- [TASK BRIEF] Please restate the entries verbatim. The copy should hold no pictures.

START EXTRACTED MATERIAL

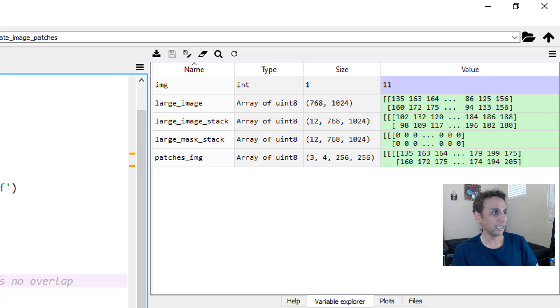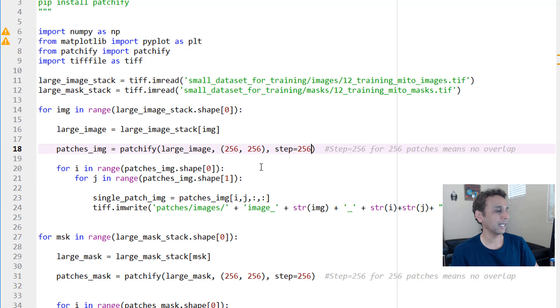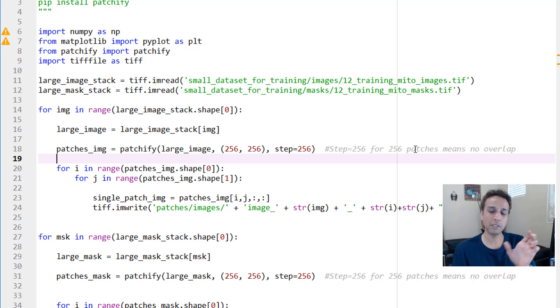If I change this to step size of 128, then this would be—let's only run these lines—then we should see a few more. Now you see 5 by 7 because there is an overlap, not just 3 by 4. I hope you got the point here. So let's go ahead and continue 256. Let me go back.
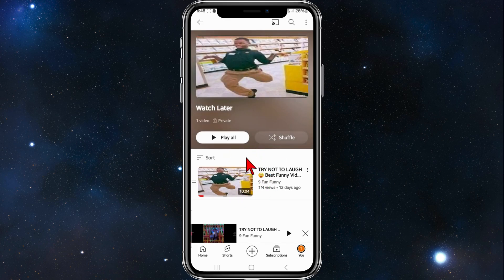So yeah, that's it guys — how to find your saved video inside your YouTube app. Thanks for watching this video to the very end. Please consider liking this tutorial and subscribing to our channel if you found it helpful. We really appreciate it and it helps us out a lot.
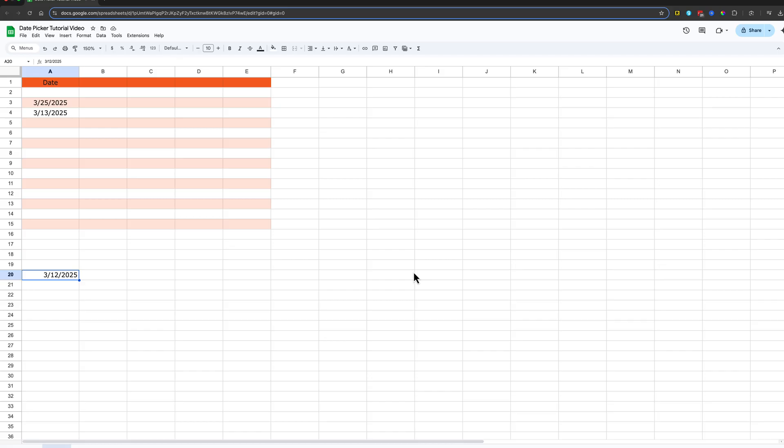That's how you add a date picker to your Google Sheets document. If you have any questions, put those down below and I'll see you guys in the next video.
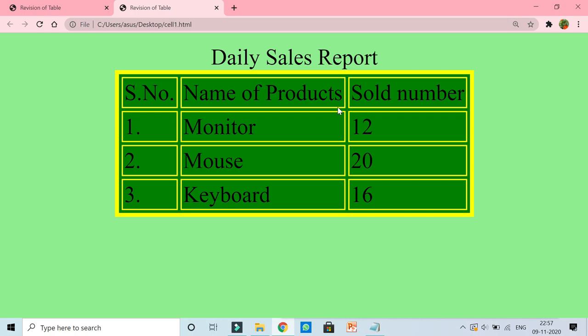This space. So this space, by default it is two pixels. You can increase according to your choice. Let us see and we will use the cell padding and change this pixel.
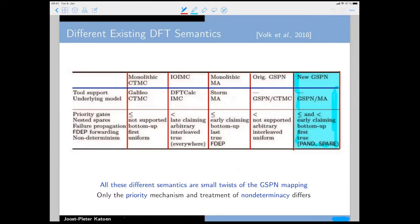There are many different semantics for DFTs in the literature. The practical extensions were useful, but people were not very concerned about formal semantics, so they made different decisions about issues like propagation ordering and non-determinism, giving rise to different types of semantics.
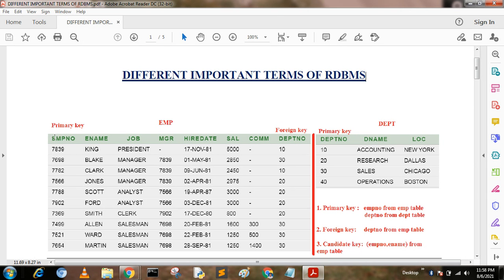When combining the primary key with another attribute, it can create a special key called a candidate key. EMPNO, E-Name, Job, MGR, Hire Date, Salary, Commission, Department Number — all the headings of the EMP table are also known as attributes. Table rows are also called tuples, table columns are also called domains, and the number of attributes in a table is called the degree.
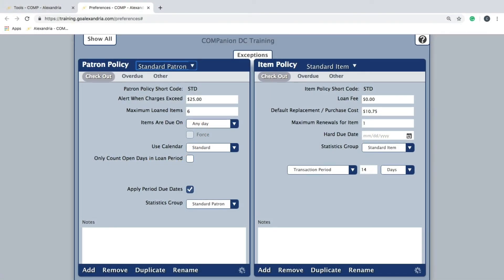Setting up item policies allows you to set various transaction periods and fine rates for different groups of items, such as reference items or Chromebooks.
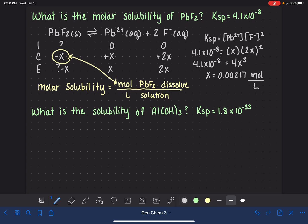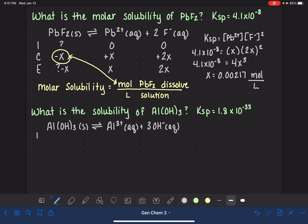The next problem is pretty similar, but it's asking for solubility instead of molar solubility. We'll begin again by writing a balanced equation: aluminum hydroxide, Al(OH)₃ solid, in equilibrium with Al³⁺ and 3 OH⁻. We set up an ICE table: minus X, plus X, and plus 3X — paying attention to the stoichiometric coefficients. In equilibrium we have X aluminum ion and 3X hydroxide ion.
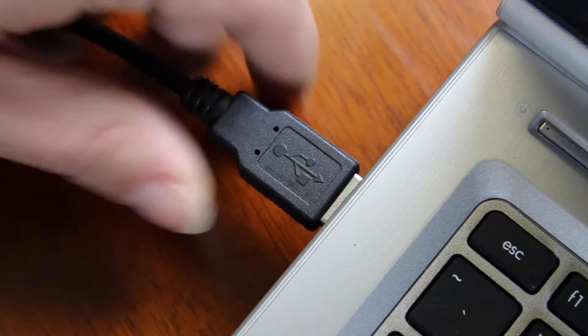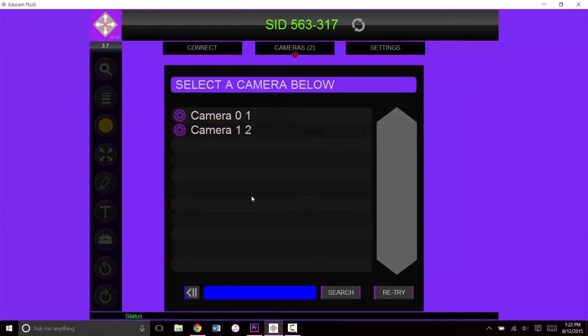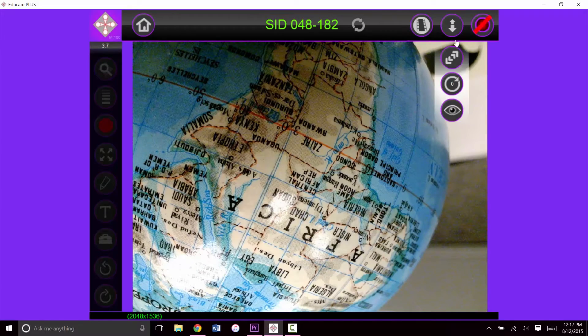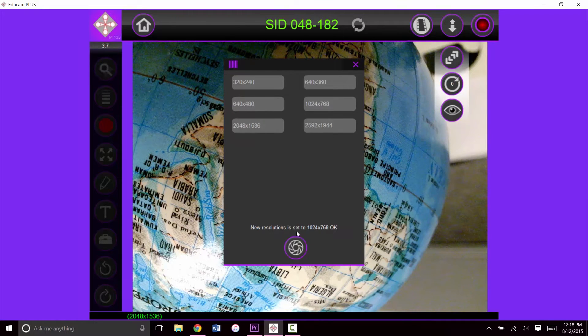Plug in your camera, open EDUCAM, and hit local camera to see the live image.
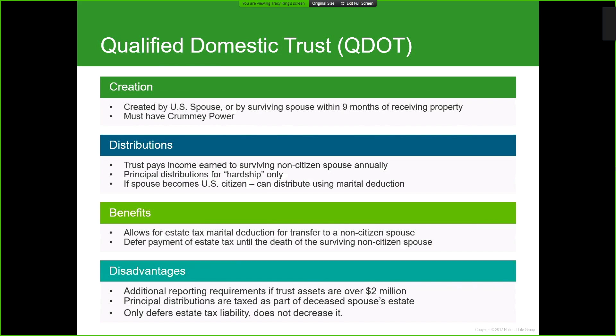A QDOT may be a great option for transferring cash or other assets to a spouse in order to defer the estate tax. There are limitations as to how much access the surviving spouse may have to those assets in order to preserve the benefits of tax deferral. In addition, the QDOT is only available for a spouse — it can't be used to defer estate taxes owed on transfers to children, grandchildren, or other beneficiaries and heirs. But we do have another solution in addition to the QDOT.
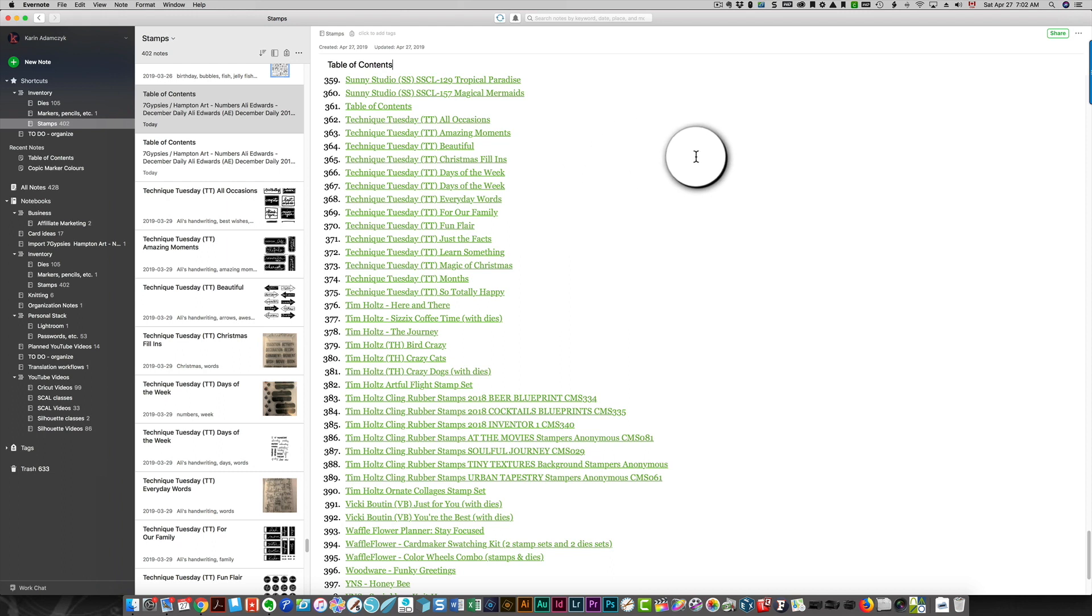Anytime you've added to your notebook, you can create a new table of contents and print out the list. Hope this has been helpful to you. Thanks so much for watching.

END EXTRACTED MATERIAL

- [THE COMPLETED TASK]
If I change this to step size of 128, then this would be—let's only run these lines—then we should see a few more. Now you see 5 by 7 because there is an overlap, not just 3 by 4. I hope you got the point here. So let's go ahead and continue 256. Let me go back.
So yeah, that's it guys — how to find your saved video inside your YouTube app. Thanks for watching this video to the very end. Please consider liking this tutorial and subscribing to our channel if you found it helpful. We really appreciate it and it helps us out a lot.
That's how you add a date picker to your Google Sheets document. If you have any questions, put those down below and I'll see you guys in the next video.
This space. So this space, by default it is two pixels. You can increase according to your choice. Let us see and we will use the cell padding and change this pixel.
There are many different semantics for DFTs in the literature. The practical extensions were useful, but people were not very concerned about formal semantics, so they made different decisions about issues like propagation ordering and non-determinism, giving rise to different types of semantics.
When combining the primary key with another attribute, it can create a special key called a candidate key. EMPNO, E-Name, Job, MGR, Hire Date, Salary, Commission, Department Number — all the headings of the EMP table are also known as attributes. Table rows are also called tuples, table columns are also called domains, and the number of attributes in a table is called the degree.
Setting up item policies allows you to set various transaction periods and fine rates for different groups of items, such as reference items or Chromebooks.
The next problem is pretty similar, but it's asking for solubility instead of molar solubility. We'll begin again by writing a balanced equation: aluminum hydroxide, Al(OH)₃ solid, in equilibrium with Al³⁺ and 3 OH⁻. We set up an ICE table: minus X, plus X, and plus 3X — paying attention to the stoichiometric coefficients. In equilibrium we have X aluminum ion and 3X hydroxide ion.
Plug in your camera, open EDUCAM, and hit local camera to see the live image.
A QDOT may be a great option for transferring cash or other assets to a spouse in order to defer the estate tax. There are limitations as to how much access the surviving spouse may have to those assets in order to preserve the benefits of tax deferral. In addition, the QDOT is only available for a spouse — it can't be used to defer estate taxes owed on transfers to children, grandchildren, or other beneficiaries and heirs. But we do have another solution in addition to the QDOT.
Anytime you've added to your notebook, you can create a new table of contents and print out the list. Hope this has been helpful to you. Thanks so much for watching.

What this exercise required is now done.